Mainstream European political elites are sounding the alarm about the rise of populist movements in Europe, forgetting that they themselves triggered the crises causing the current unrest, writes Polish columnist and writer Łukasz Warzecha

FILE - German Chancellor Angela Merkel, right, chats with Russian President Vladimir Putin as British Prime Minister Theresa May, left, and European Council President Donald Tusk chat in the background after the family photo on the first day of the G-20 summit in Hamburg, northern Germany, Friday, July 7, 2017.(AP Photo/Jens Meyer)
By Grzegorz Adamczyk
4 Min Read

Władysław Teofil Bartoszewski, secretary of state at the Polish Ministry of Foreign Affairs, recently claimed on Polsat News TV that “the rise of populist, nationalist, and anti-EU parties in Europe is a development that benefits Vladimir Putin, as it leads to greater chaos.”
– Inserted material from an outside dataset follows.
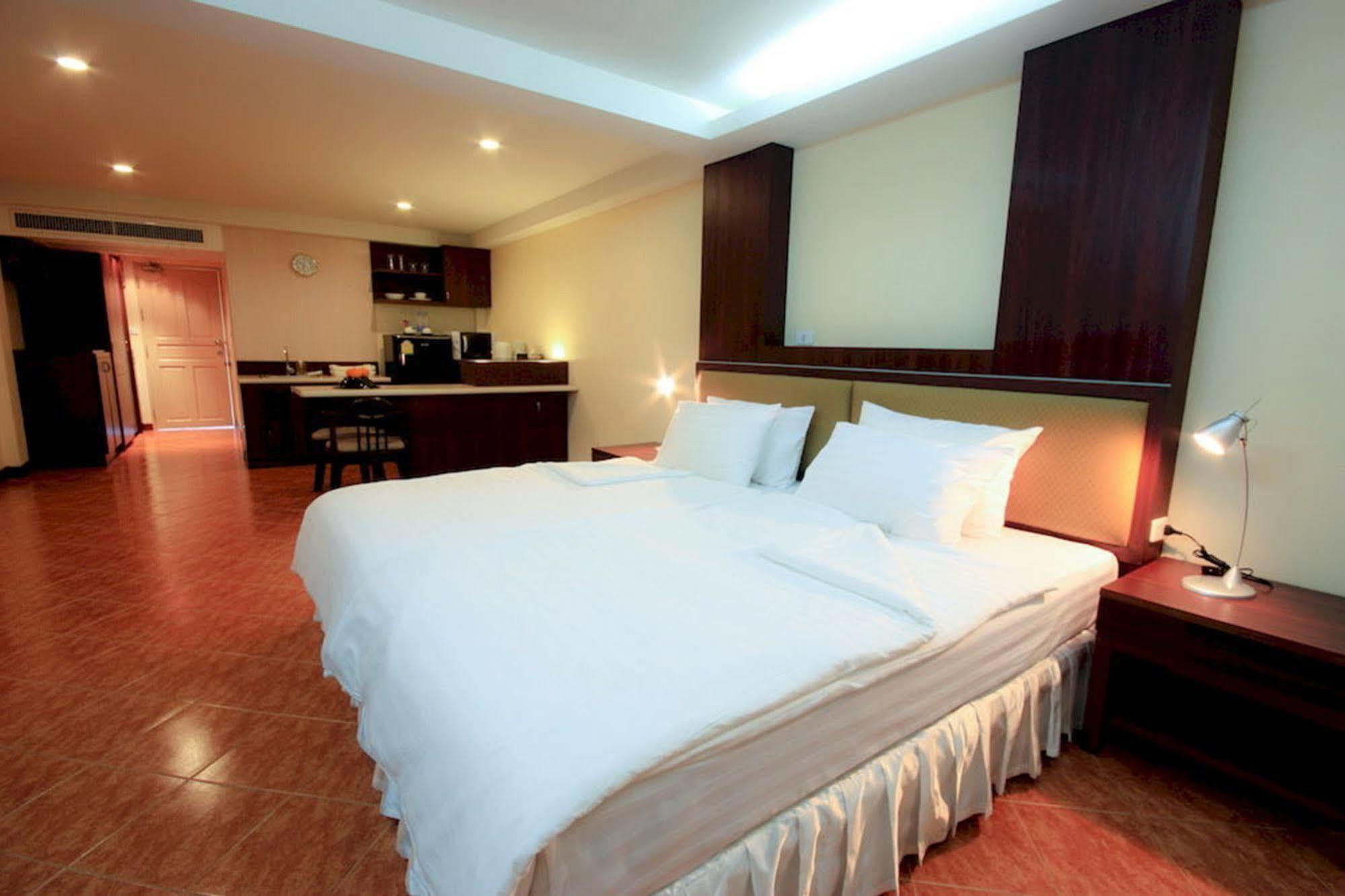 Appartamento Kamala Sea View Esterno foto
This statement illustrates not only the rigid mindset of mainstream political elites but also their frequent reliance on illogical and factually inconsistent arguments, particularly when considering the electoral outcomes in France. There, despite initial strong performances, the ultimate results may not favor the National Rally as much as the elite fear.

Firstly, the argument that Putin benefits from and potentially orchestrates European disarray is not only often unfounded but also tiresome. Believing it influences anyone outside the hardline supporters of either the government or the opposition is a gross miscalculation.
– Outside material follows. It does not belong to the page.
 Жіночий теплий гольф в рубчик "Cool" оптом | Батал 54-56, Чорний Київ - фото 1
Similarly, the ease with which terms like populism and nationalism are wielded by Bartoszewski and his ilk in the media does a disservice to political discourse. The Green Deal, for instance, is a prime example of today’s populism: It is framed as a solution to a “dying planet” in crisis yet involves enormous costs and offers politically motivated, ineffective solutions.

The notion of nationalism is equally misused. If events like Poland’s patriotic Independence March are branded as “nationalist” in such a derogatory manner, it points to a troubling inflexibility in the application of such terms.

Moreover, the chaos in Europe that supposedly aids Putin’s agenda is inaccurately attributed to the right and the populists. The migration crisis, both past and present, has undeniably contributed to societal unrest and rising crime rates, exacerbating tensions across countries. Yet, it was not the “far right,” but rather mainstream policies, notably Angela Merkel’s open borders approach, that initiated these challenges.

Thus, if one were to seriously consider who has been enabling Putin’s alleged dream of destabilizing Europe, it wouldn’t be the far-right parties who have never truly governed France but rather the centrist and leftist factions pushing the populist Green Deal agenda, inadvertently fueling right-wing sentiment and societal tension.

Lastly, what does Bartoszewski truly desire? It seems democracy is only acceptable when it aligns with specific outcomes; otherwise, it is suddenly overrated. His statements reflect a profound lack of reflection on the root causes of current conditions. It resembles the petulant stamping of a toddler, unable to understand why he has to settle for a toy car for Christmas instead of a real one.

Ultimately, Bartoszewski’s remarks are more about assembling prefabricated soundbites to fit the narrative of his political camp rather than offering any substantive analysis. Such statements, even if articulated with a wise demeanor during television appearances, hold no real merit. However, this does not mean we should ignore these ready-made statements; on the contrary, we must scrutinize their absurdity and the deep hypocrisy they often reveal.